(no title)
motakuk | 3 years ago
Helm (https://github.com/grafana/oncall/tree/dev/helm/oncall), docker-composes for hobby and dev environments.
Besides deployment, there are two main priorities for OnCall architecture: 1) It should be as "default" as possible. No fancy tech, no hacking around 2) It should deliver notifications no matter what.
We chose the most "boring" (no offense Django community, that's a great quality for a framework) stack we know well: Django, Rabbit, Celery, MySQL, Redis. It's mature, reliable, and allows us to build a message bus-based pipeline with reliable and predictable migrations.
It's important for such a tool to be based on message bus because it should have no single point of failure. If worker will die, the other will pick up the task and deliver alert. If Slack will go down, you won't loose your data. It will continue delivering to other destinations and will deliver to Slack once it's up.
The architecture you see in the repo was live for 3+ years now. We were able to perform a few hundreds of data migrations without downtimes, had no major downtimes or data loss. So I'm pretty happy with this choice.
gen220|3 years ago
To be fair, even in its current form, it should be possible to operate this system with sqlite (i.e. no db server) and in-process celery workers (i.e. no rabbit MQ) if configured correctly, assuming they're not using MySQL-specific features in the app.
Using a message bus, a persistent data store behind a SQL interface, and a caching layer are all good design choices. I think the OP's concern is less with your particular implementations, and more with the principle of preventing operators from bringing their own preferred implementation of those interfaces to the table.
They mentioned that it makes sense because you were a standalone product, so stack portability was less of a concern. But as FOSS, you're opening yourself up to different standards on portability.
It requires some work on the maintainer to make the application tolerant to different fulfillments of the same interfaces. But it's good work. It usually results in cleaner separation of concerns between application logic and caching/message bus/persistence logic, for one. It also allows your app to serve a wider audience: for example, those who are locked-in to using Postgres/Kafka/Memcached.
raffraffraff|3 years ago
I get why you would add a relational DB to the mix. Personally, I'd like a Rabbit-free option.
Deritio|3 years ago
Sorry but why is rabbitmq really necessary?
slotrans|3 years ago
throwaway892238|3 years ago
One of them allows a thousand different nodes on different networks to share a single dataset with high availability.

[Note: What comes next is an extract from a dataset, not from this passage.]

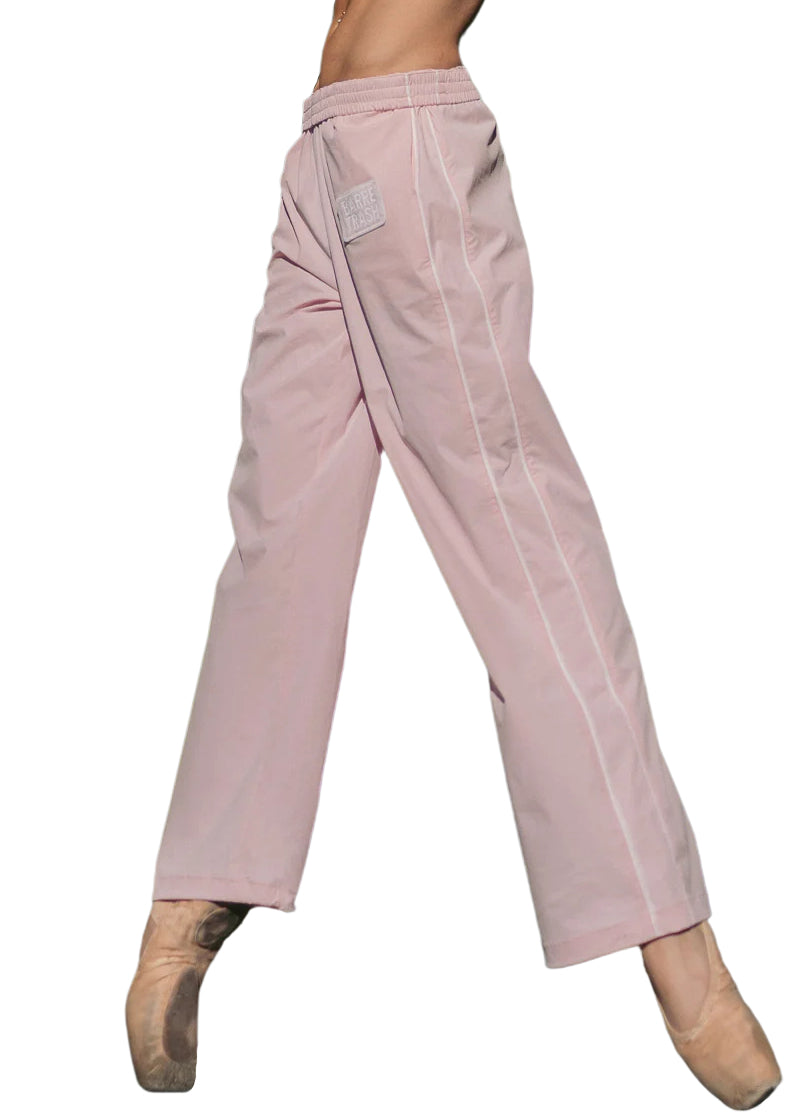 Barre Trash TSP Tracksuit Pants in Ballerina Pink, modeled on a ballet dancer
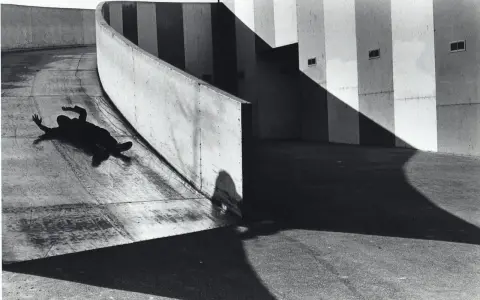 A silhouetted figure lies on a curved concrete ramp, arms outstretched, at the Janet Borden Gallery.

The other can't share data with any other application, doesn't have high availability, is constrained by the resources of the executing application node, has obvious performance limits, limited functionality, no commercial support, etc etc.
And we're talking about a product that's intended for dealing with on-call alerts. The entire point is to alert when things are crashing, so you would want it to be highly available. As in, running on more than one node.
I know the HN hipsters are all gung-ho for SQLite, but let's try to reign in the hype train.
sergiomattei|3 years ago
They chose this stack, it works for them. They’ve put it through its paces in production.
It’s as boring as it gets.